A good post analysis tool we can use is called “Notional space.” Notional space is the space an object or subject occupies if we were to pack them in a box. This will simplify any form and allow us to analyze its position in a picture. If we find the notional space of the boys head and his body, it is easy to see that the body is closer to us than the head. But when we look at the notional space of the wall, we see a problem. The edge of the wall coincides with the boys body. It explains why our eye flutters back and forth when we look at him. His body lines up almost along the edge of the wall, creating the temporary illusion that he and the wall are one form.
If you look through any book on Cartier-Bresson try this experiment. Grab a book from the library, it does not need to be fancy or even in good shape. Go through the pictures and cover the main subject with your hand. What you will find is that the scenes are beautifully composed. Its becomes obvious how Cartier-Bresson would find a scene and wait…and wait…and wait for something to happen. Then click! Once he knows the scene is right, its just a waiting game. I bet if we could ask him now, how many times he waited for a shot that never happened he would say “…Tout le temps.” (all the time)

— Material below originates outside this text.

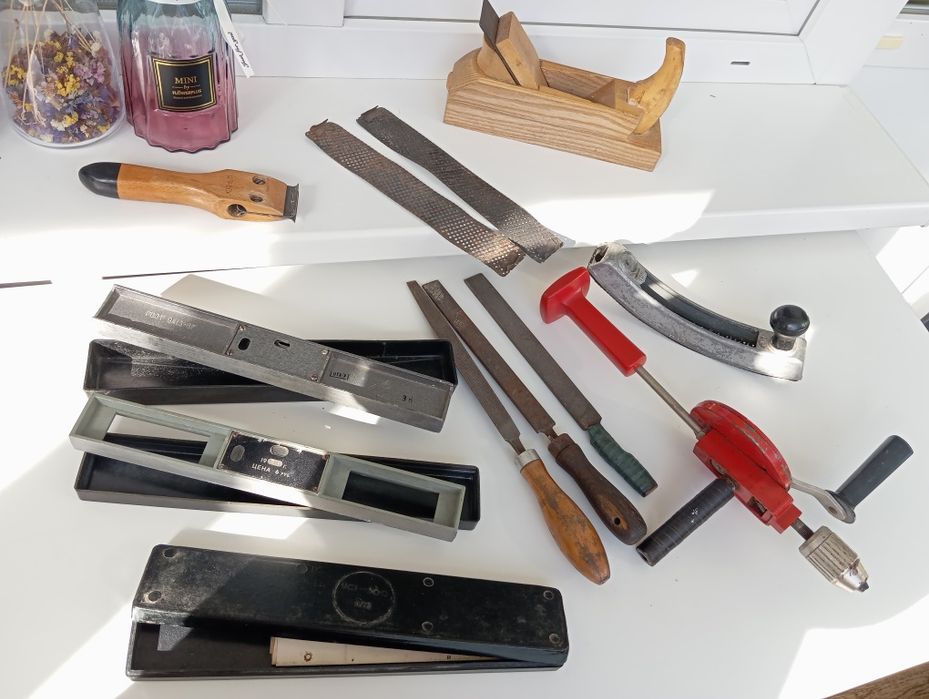 рубанок,рівень,дріль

Our ability to “see” is a practice that we must hone. It can be studied, exercised, and refined just like any skill. The instinct to press a shutter can get us most of the way there, but the differences between a good image and a great image lie in subtle changes.
“A photographer can bring coincidence of line simply by moving his head a fraction of a millimeter.”
I want to thank Marco for allowing his image to be used here. It is a fantastic shot and I hope to see him take more of these in the future. Its a very generous offer to have your pictured put up for critique, but I hope to have done it justice. In the end, we are growing, learning, and all making mistakes along that way. But hopefully we come out on the other end with a smile and some incredible images.